Mumbai and Lagos face starkly different climate threats as heat and rain extremes diverge
A new study of two major coastal cities reveals they're experiencing opposite climate trajectories: Mumbai's rainfall is intensifying while Lagos faces worsening heat. The finding suggests one-size-fits-all climate adaptation strategies won't work, forcing governments and businesses to invest in region-specific infrastructure and insurance products tailored to each city's actual risk profile.

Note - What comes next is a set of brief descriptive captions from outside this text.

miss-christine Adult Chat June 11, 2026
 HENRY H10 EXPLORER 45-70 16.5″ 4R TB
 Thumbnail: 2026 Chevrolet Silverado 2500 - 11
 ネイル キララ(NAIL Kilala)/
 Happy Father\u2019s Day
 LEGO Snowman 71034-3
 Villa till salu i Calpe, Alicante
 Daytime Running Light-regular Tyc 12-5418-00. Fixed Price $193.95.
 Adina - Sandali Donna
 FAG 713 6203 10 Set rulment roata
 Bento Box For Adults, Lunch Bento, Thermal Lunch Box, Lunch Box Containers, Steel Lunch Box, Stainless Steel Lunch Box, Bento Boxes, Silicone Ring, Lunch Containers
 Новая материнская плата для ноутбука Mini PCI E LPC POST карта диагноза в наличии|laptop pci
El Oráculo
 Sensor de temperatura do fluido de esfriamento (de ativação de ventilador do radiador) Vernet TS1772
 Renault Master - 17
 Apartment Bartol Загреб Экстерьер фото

Originaltitel: A tale of two coastal megacities: asymmetric trends in heat and rainfall extremes
Introduction: Coastal megacities face increasing risks from hydroclimatic extremes under global warming, yet comparative assessments across contrasting climatic regimes remain limited. Lagos and Mumbai were selected as representative coastal megacities with large, highly exposed populations but differing climatic systems, enabling a comparative analysis of evolving climate risks. This study presents a high-resolution assessment of Lagos (Tropical West Africa) and Mumbai (Monsoonal South Asia) over the period 1981–2023, integrating Expert Team on Climate Change Detection and Indices (ETCCDI) extreme climate indices, non-parametric trend analysis, change-point detection, and Generalized Extreme Value (GEV) modeling. Materials and methods: Daily rainfall (CHIRPS v2.0) and temperature (ERA5-Land) datasets were analyzed alongside a Composite Vulnerability Index (CVI) incorporating population density, informal housing, drainage coverage, and healthcare accessibility. Sea-level rise was considered as an amplifying factor for coastal flood exposure. Results: Results indicate contrasting hydroclimatic trajectories: Mumbai exhibits significant increases in rainfall (+5.18 mm/year) and wet spell persistence (CWD +0.133 days/year), while Lagos shows stronger warming trends, particularly in extreme temperatures (TXx +0.047 °C/year). Change-point analysis suggests a shift in Mumbai’s rainfall regime in the early 2000s, although the linkage to broader climatic drivers is inferred rather than explicitly tested. Both cities exhibit increasing clustering of extreme events, with Lagos showing greater interannual variability. GEV-based return level estimates indicate substantially higher multi-day rainfall extremes in Mumbai (~478 mm for a 100-year event) compared to Lagos (~99.6 mm). Spatial analysis reveals a strong overlap between areas of high flood exposure and socio-environmental vulnerability in both cities. Conclusions: These findings suggest that while hydroclimatic drivers differ between Lagos and Mumbai, their impacts converge through shared patterns of urban vulnerability. This underscores the importance of integrating hazard-specific approaches with vulnerability-focused planning in rapidly urbanizing coastal megacities.